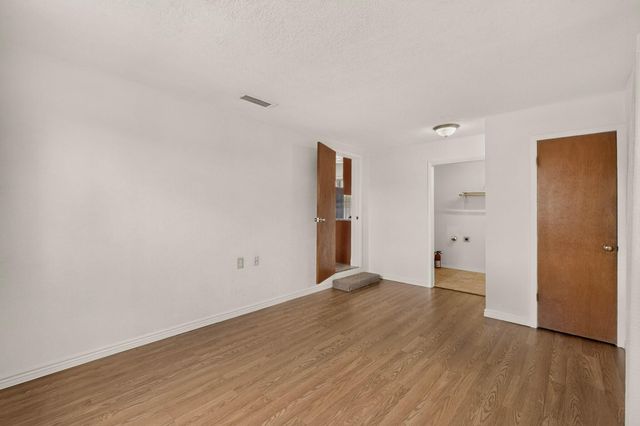 341 60th Street NW, Albuquerque, NM 87105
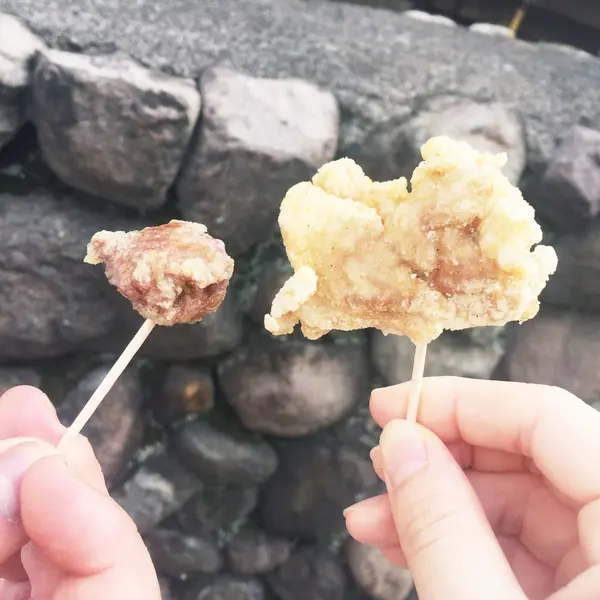 骨なしモモ肉とズリからの唐揚げ。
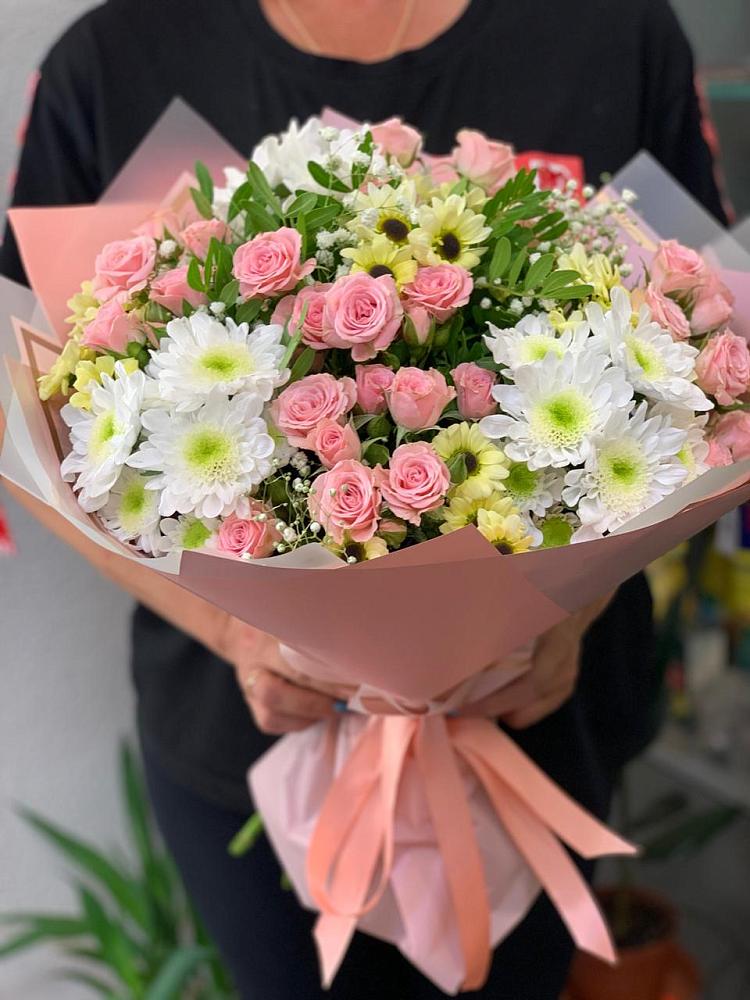 Букет цветов из: Розы и Хризантемы в Воровсколесской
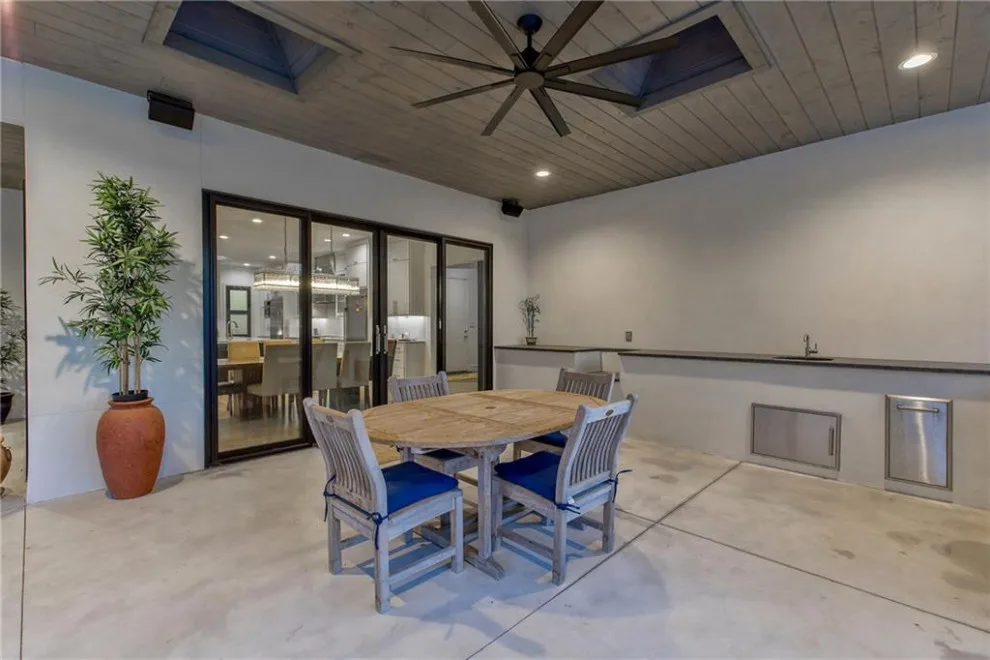 Custom Home in Nichols Hills by Kirby Home Designs - Photo 15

------------------------------------

Aim of the task:
Please return only the lines from the one holding "骨なしモモ肉とズリからの唐揚げ。" through the end of the data, both ends included; do not copy any pictures.

Result:
 骨なしモモ肉とズリからの唐揚げ。
 Букет цветов из: Розы и Хризантемы в Воровсколесской
 Custom Home in Nichols Hills by Kirby Home Designs - Photo 15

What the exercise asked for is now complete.